An Oregon hiker was rescued after she slipped and fell hundreds of feet down a popular route on Mt. Hood over the weekend, authorities said.
The 36-year-old woman from Portland was descending the South Side route near the Old Chute, close to the mountain’s summit, around 11:30 a.m. Saturday when she tumbled down and suffered multiple injuries, the Clackamas County Sheriff's Office said.
Portland Mountain Rescue (PMR) personnel, who were already stationed on the mountain as a ready team, witnessed the woman fall and called 911, the sheriff’s office said.
"We had just summited and one of my teammates looked down one of the chutes that we were going to down climb and saw a woman go sliding by," Erik Broms, a PMR Rescue Leader, told FOX12 Oregon.
The team was able to reach the hiker and stabilize her while awaiting backup from other agencies, including the sheriff's office and Hood River Crag Rats.
The 36-year-old Portland woman slipped and tumbled "several hundred feet" down Mt. Hood's popular South Side route near the Old Chute. (Portland Mountain Rescue)
Rescuers kept the woman warm during the seven hours it took to get all the necessary resources to the hiker’s location to transport her safely off the mountain, according to officials.
After setting up complex rope systems, rescuers moved the woman in a stretcher to the Hogsback snow ridge. She was then placed in another stretcher before ultimately being brought down the mountain to the Timberline parking lot around 9:30 p.m., according to authorities.
The hiker was taken to an area hospital for treatment. No update on her injuries or current condition was immediately provided.

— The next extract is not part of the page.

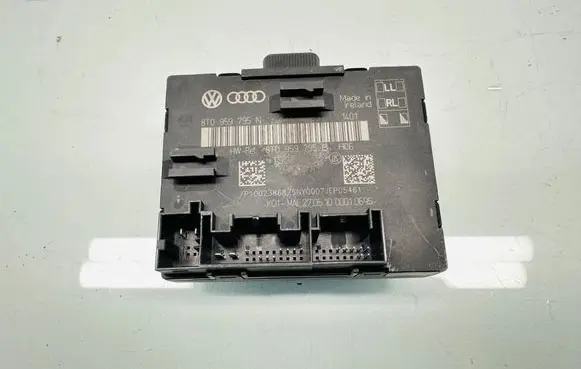 Audi A4 S4 B8 8K Door control unit/module 8T0959795N 8T0959795B
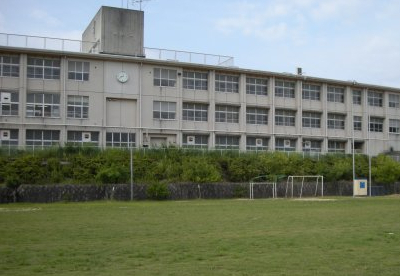 【シャーメゾンFUJIMOTO　IIの小学校】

While it is unclear how the hiker fell, rescuers warned that current winter conditions can make the climb perilous for inexperienced hikers.

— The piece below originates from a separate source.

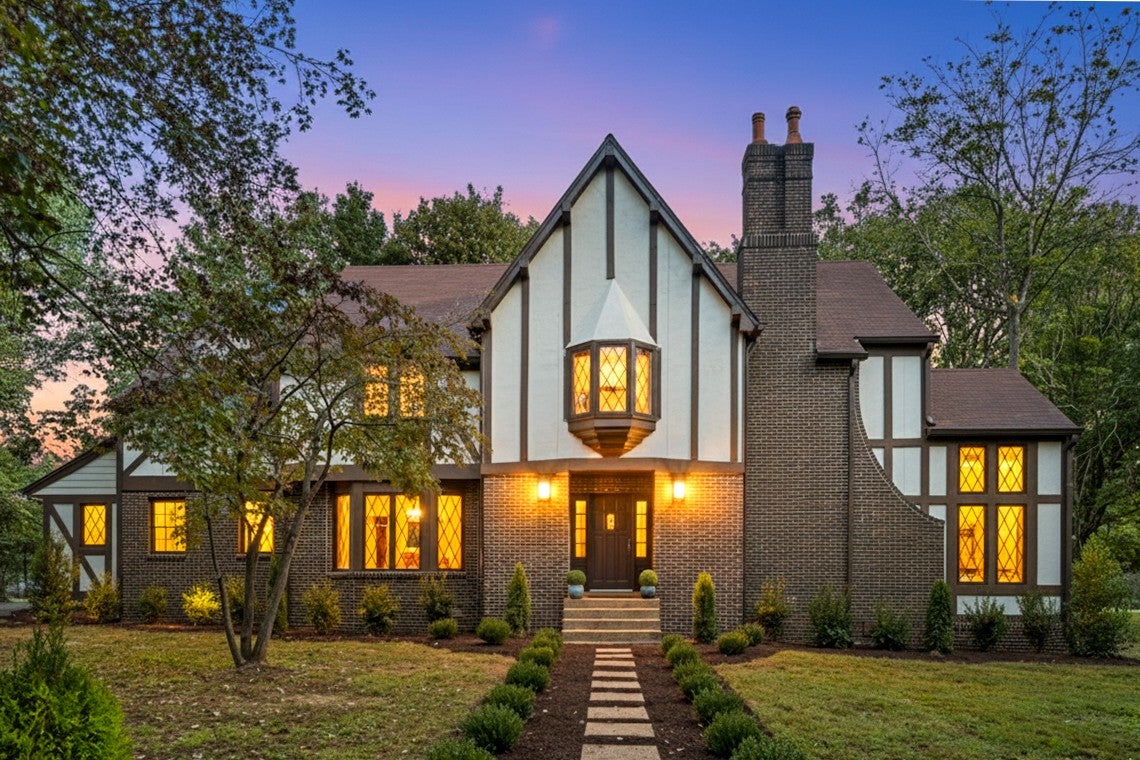 Columbia, Tennessee, 38401, United States, 4 Bedrooms Bedrooms, ,3 BathroomsBathrooms,Residential,Active,1963382 Columbia, Tennessee, 38401, United States, 4 Bedrooms Bedrooms, ,3 BathroomsBathrooms,Residential,Active,1963382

"Mt. Hood is not a beginner mountain — especially in winter conditions," PMR said. "The short days and lower temperatures mean that the snow tends to be very hard and icy, and the route conditions tend to be much steeper and technical."
In a social media post, Broms described conditions near the Old Chute over the weekend as varying from "soft snow to firm plus portions of ice and rime," adding that he "would not recommend this route for the inexperienced climber."
The agency also said that going down the mountain in icy conditions is much more difficult than the climb up.
"Only those with expert mountaineering and ice climbing skills should attempt Mt. Hood in winter, especially when there have been long dry spells with no precipitation," PMR said. "Appropriate and thorough training is critical."